Gennat nodded. ‘That’s OK, Rath, no one’s saying you did. You have to be damn careful when dealing with the big city press. Their reporters can be very useful, but don’t harbour any illusions about keeping them under control.’

‘I’d be happy just to keep them off my back.’

‘Don’t take it so hard,’ Gennat said. ‘Tell me in your own words what happened in that film studio. Betty Winter isn’t just anybody, you know. Böhm only jotted something down about a fatal accident he’d entrusted to you.’

Rath gave a concise report, right up to the bogus lighting technician. ‘The false name, allied to his flight, makes the man highly suspicious,’ he said. ‘In the meantime everything points to sabotage. Perhaps Betty Winter wasn’t meant to die, but it looks as if someone intended to cause her serious harm, and whoever it was, they were at least willing to entertain the possibility of her death. Right now it looks as if Felix Krempin is our man.’

Gennat nodded. ‘Highly plausible, but be sure you don’t draw any hasty conclusions. You’ve come a cropper like that before.’

‘Mistakes are there to be learned from, Sir.’

‘Where did you get that from? Is that what they teach you at police academy these days?’

‘My father, Sir.’

‘A shrewd man, your father.
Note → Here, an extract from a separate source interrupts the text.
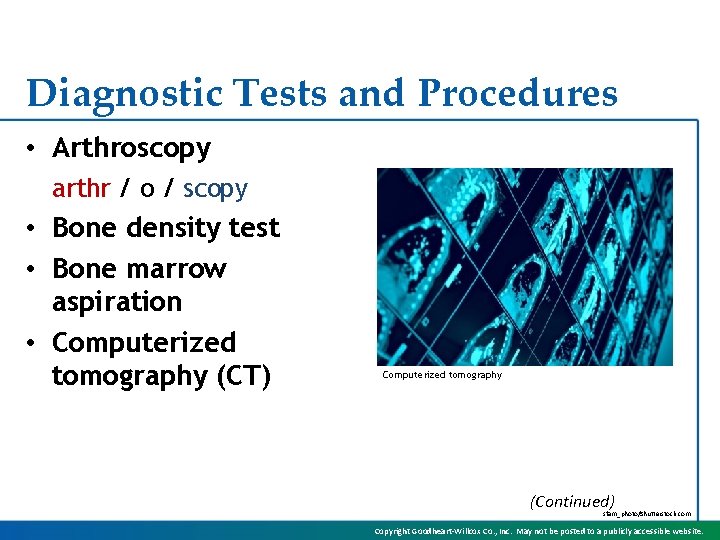 Diagnostic Tests and Procedures • Arthroscopy arthr / o / scopy • Bone density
Policeman, isn’t he?’

Rath nodded. ‘Police director.’

‘Then heed his advice and don’t give too much away to the press. Better to share your knowledge with us at A Division.’

Gennat gazed at him sternly. Rath knew that Buddha respected him, but that he had no truck with high-handedness.

‘How long are you staying in Berlin, Sir?’

‘Until Wednesday. Düsseldorf is unbearable at the moment anyway. Carnival. Zörgiebel might see the attraction in cheering Helau, but it’s not my thing at all.’

‘The commissioner is from Mainz,’ Rath said.

‘And you? You’re a Rhinelander too, aren’t you?’

‘Cologner,’ Rath said. ‘We say Alaaf instead of Helau, but I’m more than happy to do without all the fuss this year. It’s more civilised in these parts.’

‘There are plenty of Fasching balls in Berlin this weekend, if you should feel homesick.’

The telephone rang and, before Rath could respond, Gennat picked up.

‘Yes,’ Buddha nodded. ‘Inspector Rath is still here. Just a moment.’ He handed him the receiver. ‘The search unit,’ he said. ‘It looks as if your suspect really has gone to ground.’